Sayın Başkan, değerli milletvekilleri; CHP grubunun vermiş olduğu önerge lehinde söz almış bulunmaktayım. Heyetinizi saygıyla selamlıyorum.
Şimdi, doğrusu, burada AK PARTİ'li vekilin savunmasını, açıklamalarını dinleyince ben de dehşete düştüm. Bir kere, eğer bu kadar kendinizden eminseniz, bu kadar bu bilgilerin doğruluğundan eminseniz, gelin, bu sefer bizi şaşırtın, bir araştırma komisyonu kurulsun. Bütün Bingöl halkının tartıştığı, bütün Bingöl halkında ciddi bir rahatsızlık uyandıran bir konuyu her dört siyasi partimizden temsilcilerle birlikte gidip araştıralım, ondan sonra bir rapor hâlinde getirip burada Genel Kurula sunalım. O zaman niye bu şekilde karşı çıkıyorsunuz? Nedir yani bu kaygınız nedir? Eğer sunduğunuz maddelere uygun, yasalara uygun bir durum varsa, bir yolsuzluk durumu söz konusu değilse, ilk defa, gelin, bir araştırma önergesinde bizi şaşırtın.

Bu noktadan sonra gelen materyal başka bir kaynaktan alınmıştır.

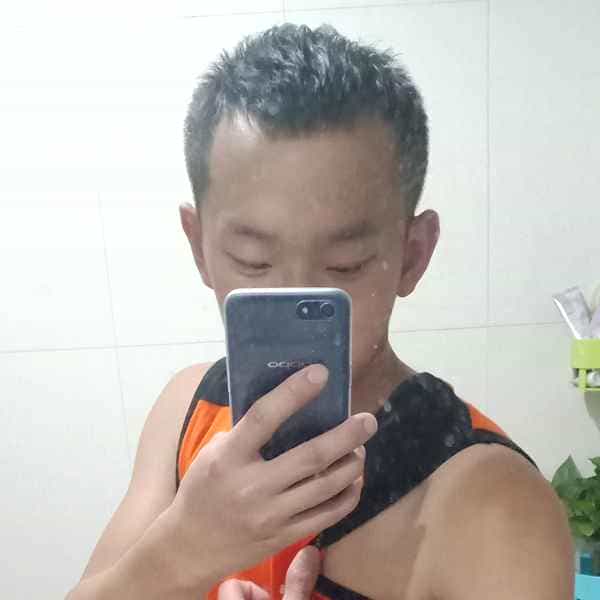 29岁岁河北单身帅哥 - 常州吉缘网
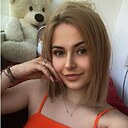 Ксюша, 37 лет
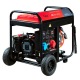 Дизельгенератор Fubag DS 9500 XD ES 7 кВт в Йошкар-Оле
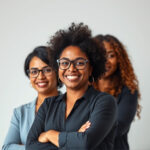 Specialized Teams: Unlocking Potential through Content Optimization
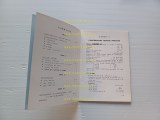 20240909_183555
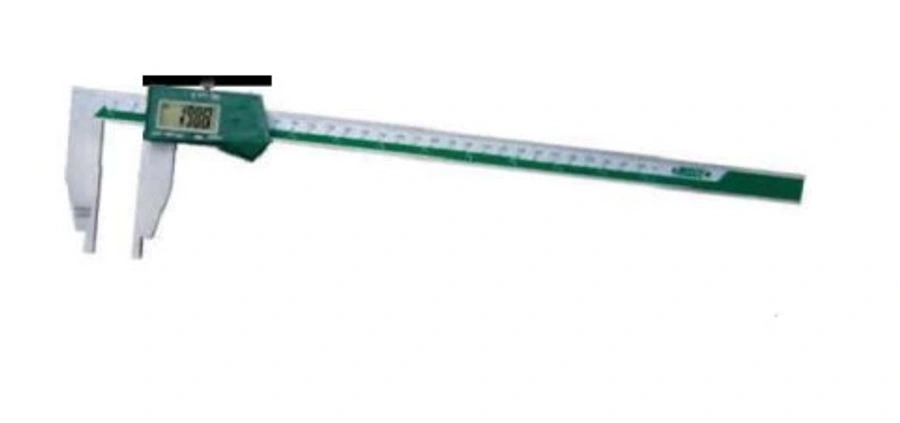 insize-300-mm-digital-caliper-1170-300-00927-a
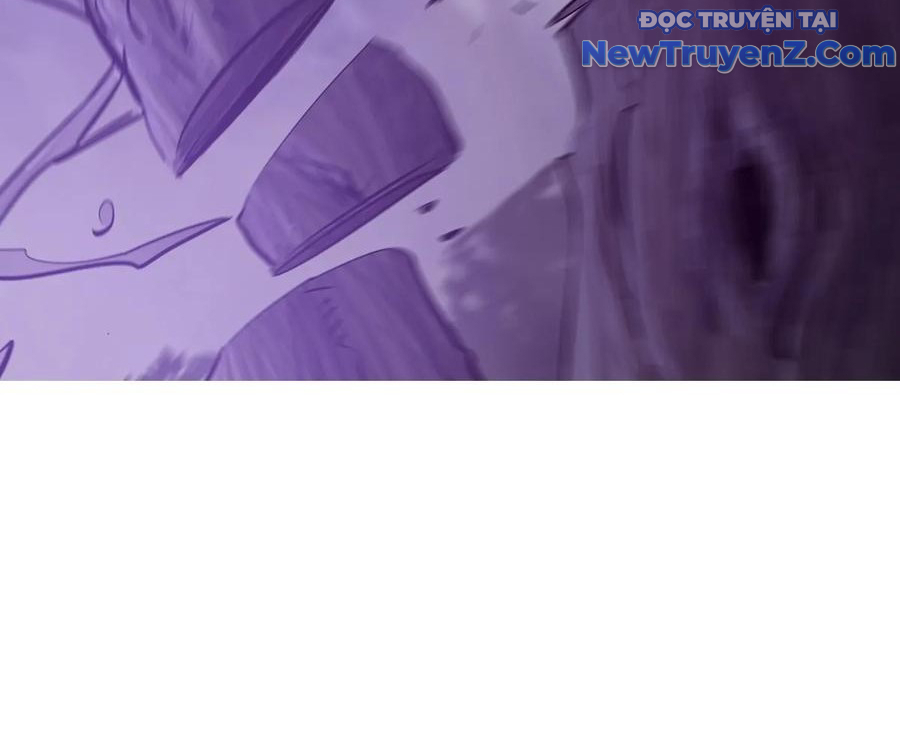 Phong Yêu Vấn Đạo chapter 147 - Trang 45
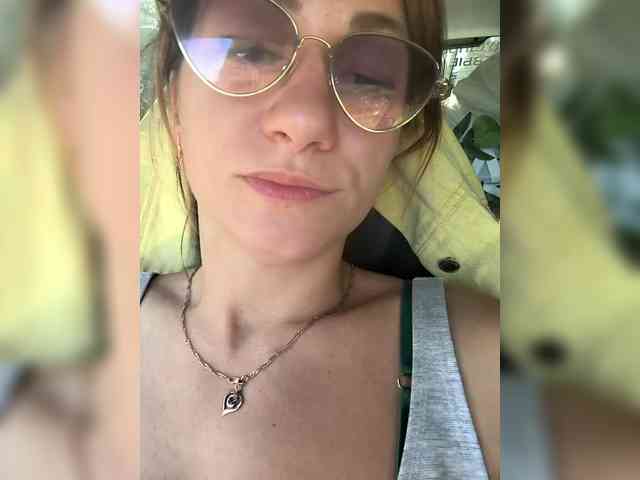 dianafarber webcam
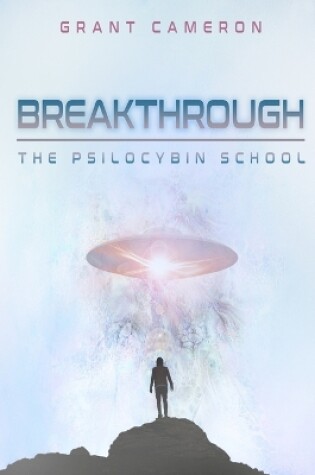 Cover of Breakthrough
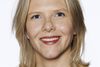 Landbrugsminister Sylvi Listhaug fra Fremskrittspartiet har kaldt norsk landbrugspolitik for »kommunisme på norsk«.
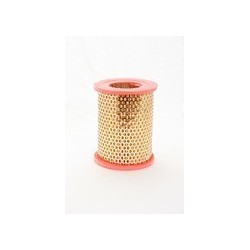 NISSAN 3.2 DIESEL 98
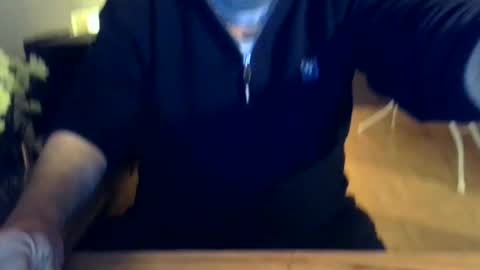 rolandloser1000 online show from February 2025 08:00:01 PM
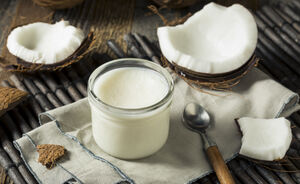 Kokosolie gebruiken op je huid: wanneer doe je het wel en wanneer niet?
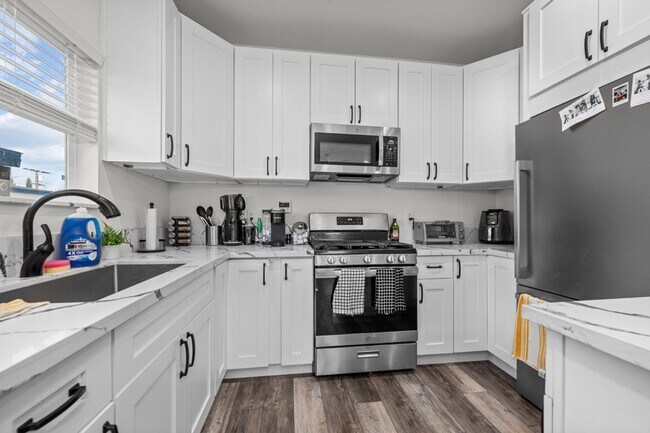 5161 Brockbank Pl in San Diego, CA - Building Photo - Building Photo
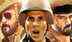 'Welcome To The Jungle' box office collection day 18: Akshay Kumar's film sees a 71.1% drop; worldwide total reaches Rs 187.48 crore
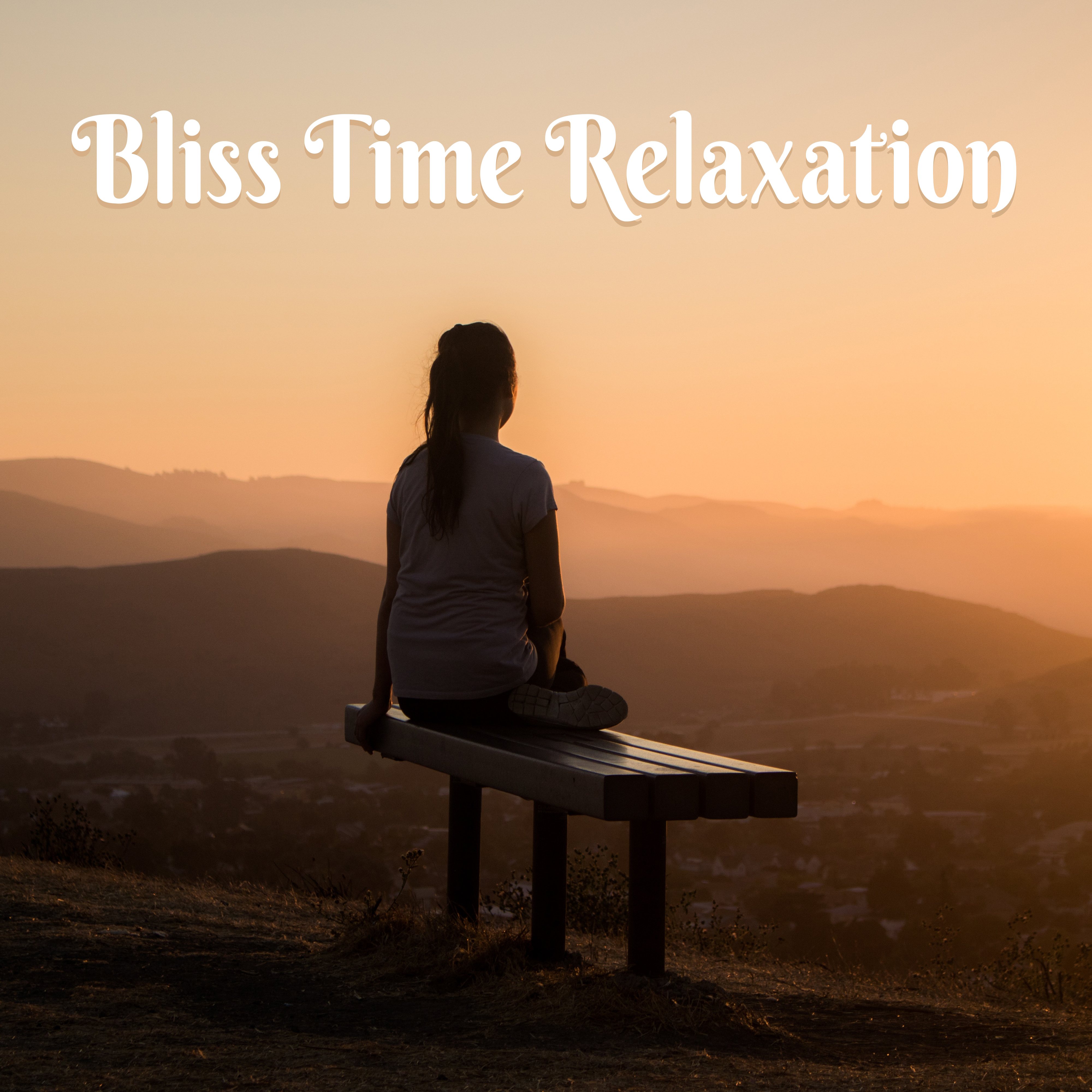 Bliss Time Relaxation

Sayın CHP'li milletvekili arkadaşımızın söylediği hususların tamamı uzun süredir Bingöl kamuoyunda konuşulan ve doğruluğu açısından da Bingöl kamuoyunda ciddi düzeyde bir kanaatin, bir fikrin oluştuğu bir durumdur. Şimdi, buraya gelip "730 milyar değil de 630 milyar -bilmem- yüzde 18 değil de yüzde 16 tenzilat" demenin bir mantığı var mı? 1 lira bile olsa, ki bahsetmiş olduğumuz rakamlarla siz bütün bir Bingöl şehrinin sorunlarını bitirirsiniz. Hadi, 500 milyar olduğunu kabul edelim, 500 milyar lirayla siz Bingöl'ü Paris'e çevirirsiniz. Yaşanamaz bir kent hâline gelmiş bir şehrin sorunlarını, halkın sorunlarını çözmek yerine, bir firmanın cebine akıtırsanız tabii ki muhalefet partisi buraya araştırma önergesi de getirir, soru önergesi de getirir. Geçen, Meclis kürsüsünde ben de söyledim, Sayın Ulaştırma Bakanı, sağ olsun, Bingöl'le ilgili vermiş olduğumuz soru önergelerine herhâlde cevap verme tenezzülünde bulunmuyor, herhâlde canımız sıkıldığı için bu önergeleri yazdığımızı sanıyor, bizim canımız sıkıldığı için, kendi canını da sıkmak için bu önergeleri verdiğimizi sanıyor. Böyle bir durum yok. Yani, Hükûmet üyesi olmak, Kabine üyesi olmak, muhalefetin söylediğini önemsemek başlı başına bir bakanın görev ve sorumluluk dâhili içerisindedir. Bugün isterdik ki, böyle önemli bir konu yolsuzluk iddiası buraya gelmiş, Sayın Bakan gelip buradan rakamlarla objektif bir şekilde bunun olmadığını ortaya koysun.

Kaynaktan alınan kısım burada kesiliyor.